Then onto the chemical and physical properties of soil. I got my (gloved) hands dirty by sieving some soil that I’d brought from home in the pop-up soil lab. However, a pH reading of 8.38 seemed slightly unusual judging by the scientists’ reaction! One of my favourite exhibits was the display of soil monoliths (feature photo), highlighting the variety in colour and composition of UK soils – did you know that there are over 700 soil types in the UK! It was quite amusing to discover that the monoliths were on loan from Cranfield University for the day!
I also took the opportunity to go on the two tours to other parts of the site including the Bioimaging Facility. Here, as throughout the day, staff were on hand to show us round, to explain the different applications of the light and electron microscopes as well as answering any questions.
The other tour (and probably the highlight of the day) was to the Sample Archive. The archive contains more than 300,000 samples of crops, soils, fertilisers and manures, dating back to 1844. Endless rows of shelving full of carefully catalogued materials is not an unusual sight to someone who works in a university library, but the items themselves were rather different to the textbooks we have at Cranfield. Glass bottles and jars of different sizes, neat cardboard boxes and a variety of metal tins re-purposed when glass bottles were scarce (look out for the coffee, liver salts and milk powder containers in the photo). All beautifully labelled (although with a numbered shelving system that seemed even more complicated than UDC) and some from as far away as Woburn and Bermuda!
We then headed back to the conference centre for a series of flash talks from 4 PhD students who were challenged with talking for 5 minutes on their chosen topic without slides, using only props. The first two talks were about soil fungus, named ‘take all’ given by Joseph Moughan a Plant Doctor in training, and Sarah-Jane Osborne who explained ‘the battle beneath our feet’. They were followed by ‘below ground detective’ Frances Cheesman on the role of Bradyrhizobium in the soil microbial community and finally Katrina Pears discussed the three-leaved clover – ‘more than just a weed!’. As Adelia de Paula tweeted, inspiring talks which the kids (and the rest of us) loved.

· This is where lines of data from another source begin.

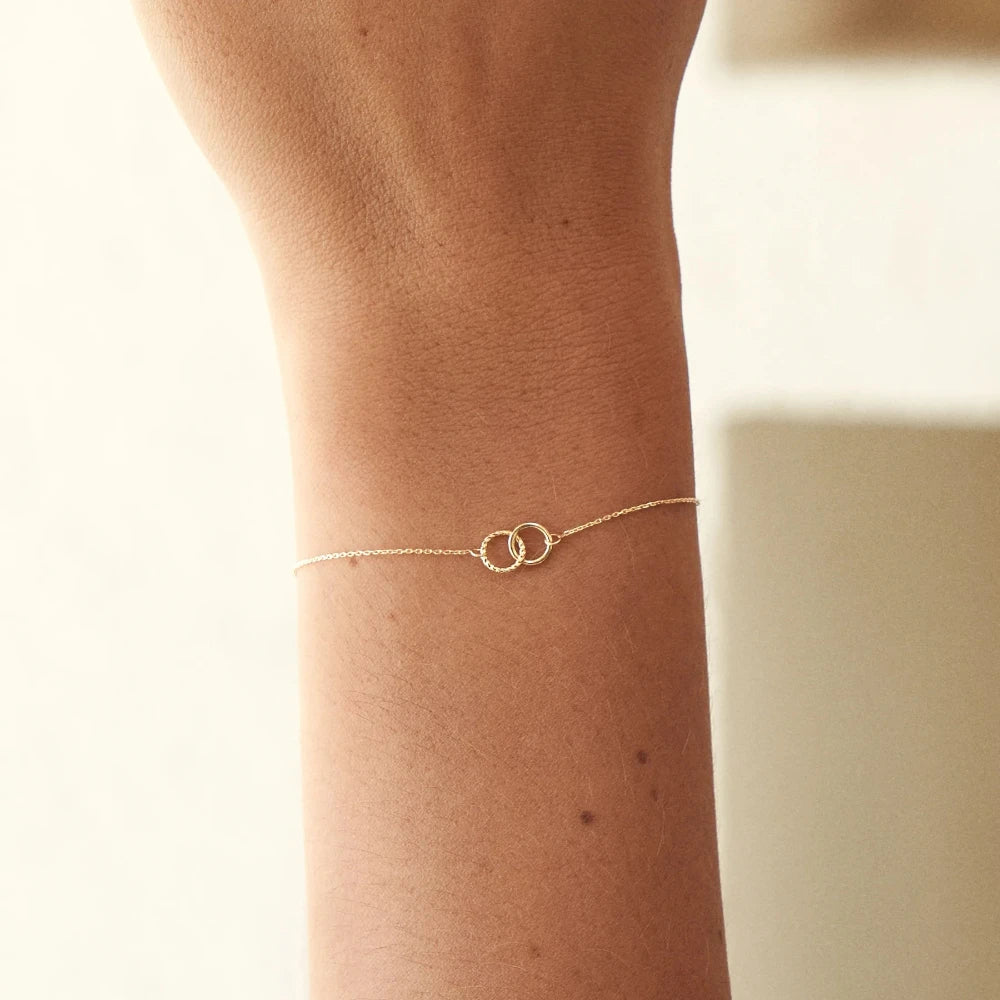 Canner simples clássico 925 prata esterlina banhado a ouro redondo argola pulseira correntes para mulheres moda romântica jóias finas presentes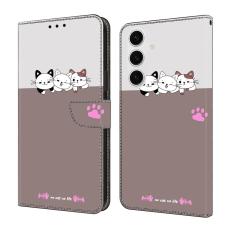 OEM - Samsung Galaxy S26 Plus Fodral F&auml;llbart St&auml;ll PU L&auml;der M&ouml;nster - Katter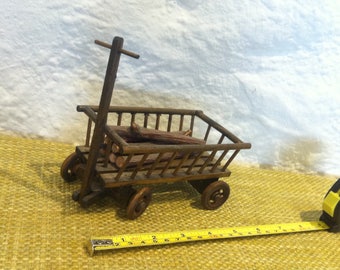 Vintage wood farm wagon accessoires dollhouse, miniatures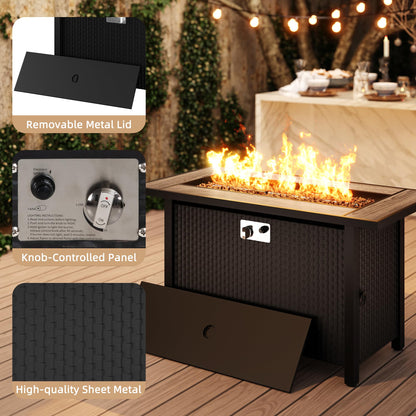 45 Inch Propane Fire Pit Table, 50,000 BTU Outdoor Gas Fire Pit for Patio & Backyard, Rectangular Firepit Table with Lava Rocks, 2-in-1 Convertible Outdoor Table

There was just enough time to hitch a ride on the tractor-trailer to visit the Broadbalk Wheat Experiment fields. This is the classic experiment at Rothamsted, which is the longest running agricultural research station in the world. Broadbalk was first sown to winter wheat in autumn 1843 and scientists have been observing the effects of adding farmyard manure and a variety of other fertilizers on the crop yield and soil properties ever since. As well as the original experiment designed over 170 years ago, there were also examples of some more modern experimental approaches used by Rothamsted researchers. For example, the octocopter drones and portable gas analysers measuring the emission of carbon dioxide, nitrous oxide and other gases from the soil in real-time.
Sadly I didn’t get the chance this time to find out about kriging and geostatistics but it was a great day indeed. A big thank you to all the people involved and I look forward to my next visit!